Captioned web image data

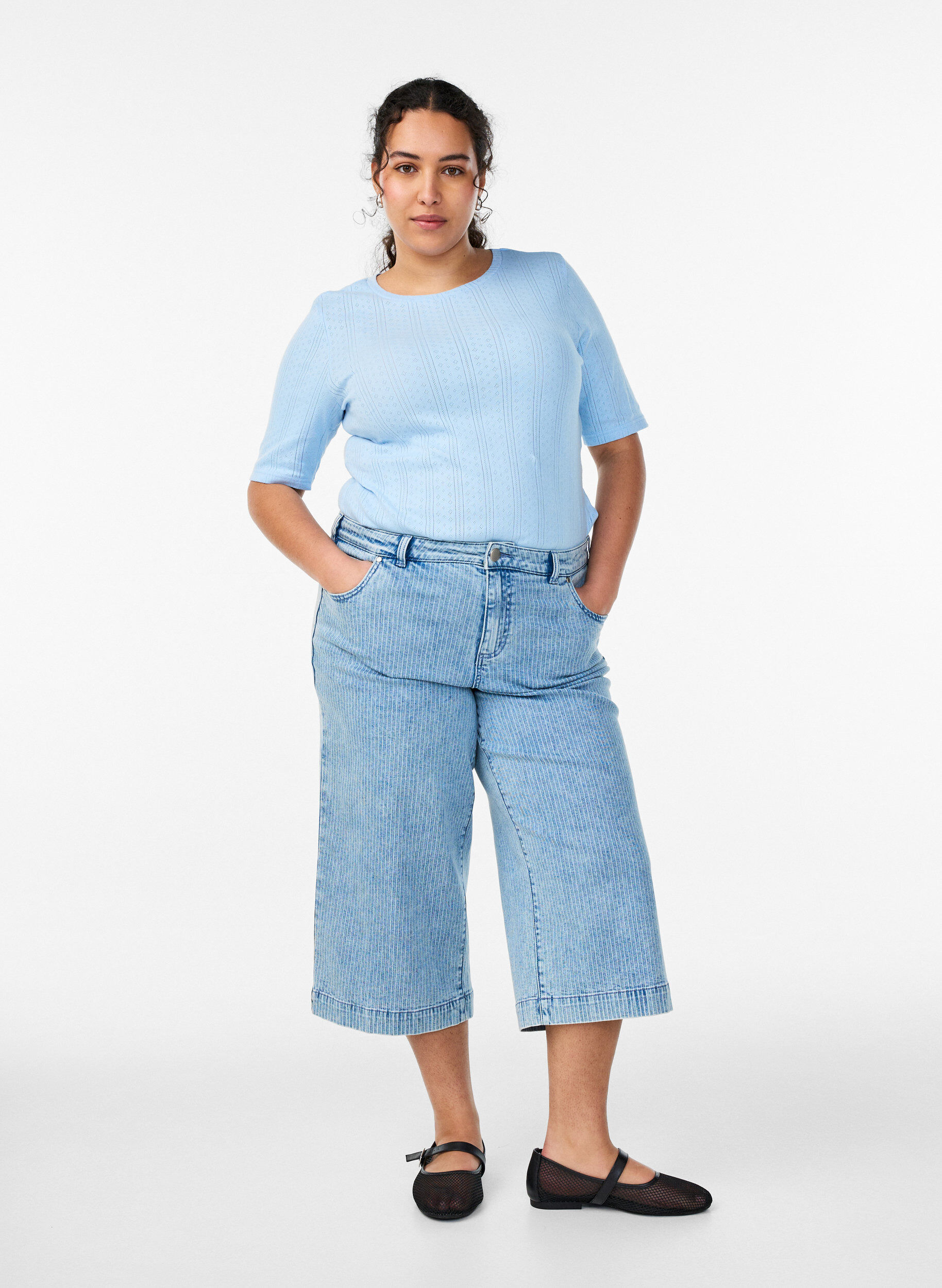 Zizzi T-Shirt aus Baumwolle mit Lochstickerei, Blau, Model image number 1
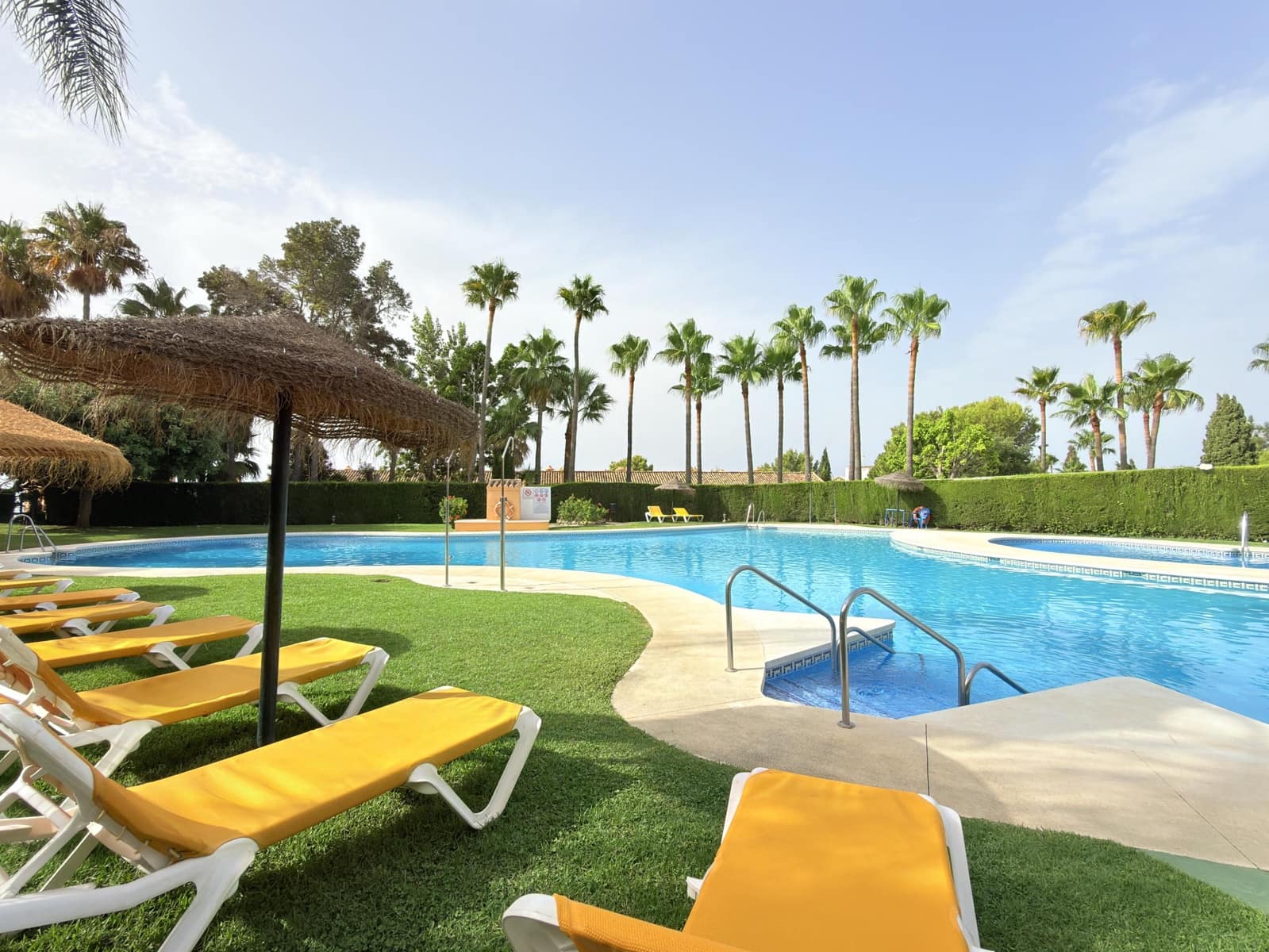 3 bedroom Apartment for sale in Sitio de Calahonda - € 470,000 (Ref: 9983141)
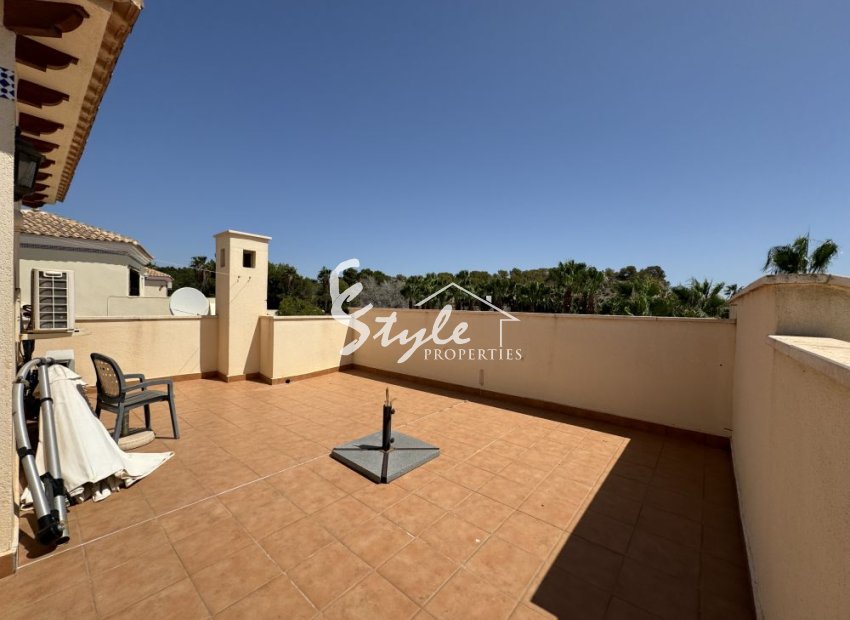 For sale villa in front of golf courses in Las Ramblas, Orihuela Costa, Spain. ID1440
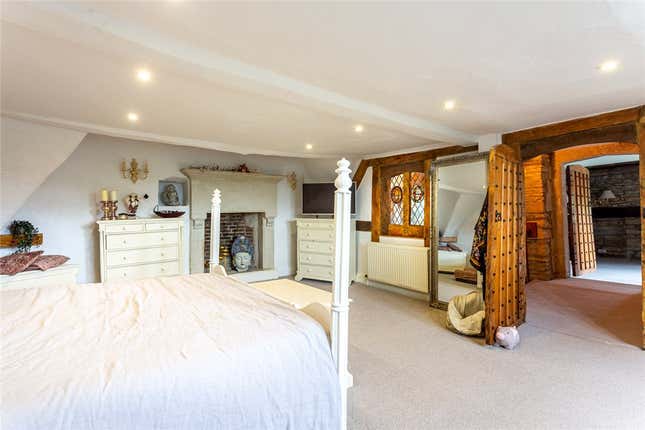Image for article titled Let's Move to This Tasteful Ancient Manor House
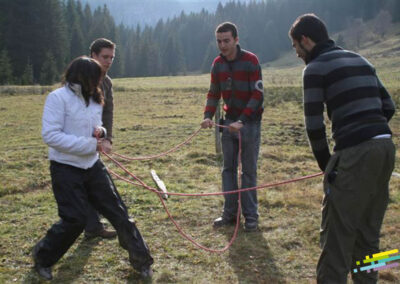 team building en équipe en forêt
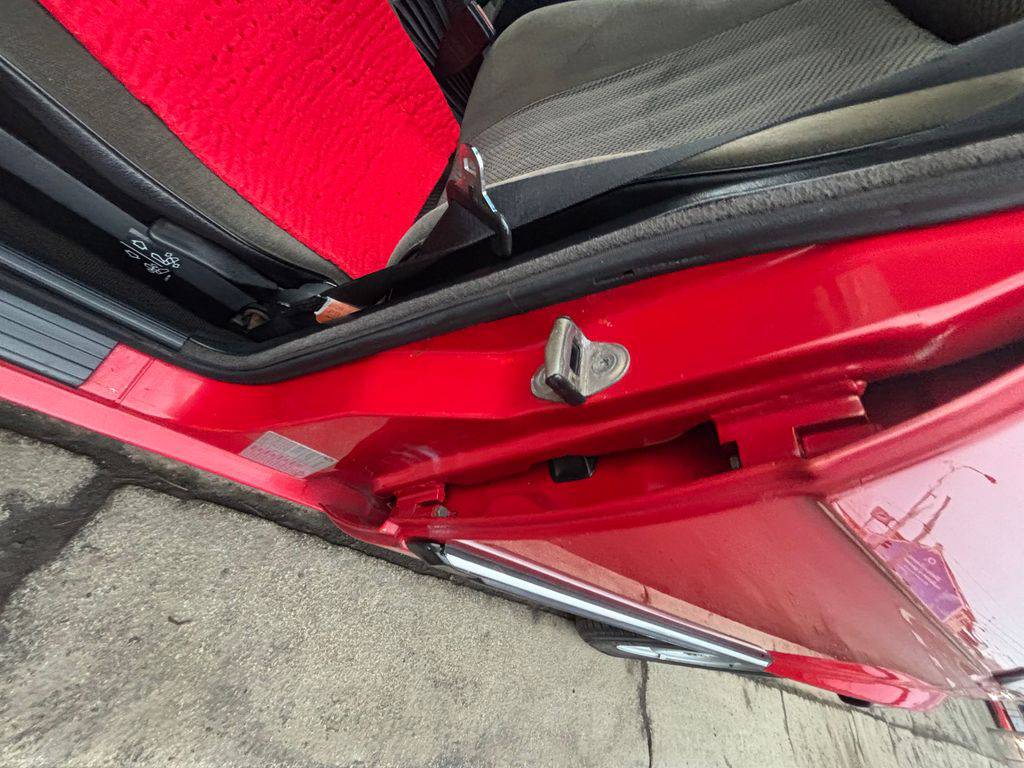 BMW 318 E30-318i/1986/2.maj. garážován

### WORK INSTRUCTION
Before you finish, make sure every line above has been repeated exactly and no picture remains in the copy.

### YOUR RESPONSE
 Zizzi T-Shirt aus Baumwolle mit Lochstickerei, Blau, Model image number 1
 3 bedroom Apartment for sale in Sitio de Calahonda - € 470,000 (Ref: 9983141)
 For sale villa in front of golf courses in Las Ramblas, Orihuela Costa, Spain. ID1440
Image for article titled Let's Move to This Tasteful Ancient Manor House
 team building en équipe en forêt
 BMW 318 E30-318i/1986/2.maj. garážován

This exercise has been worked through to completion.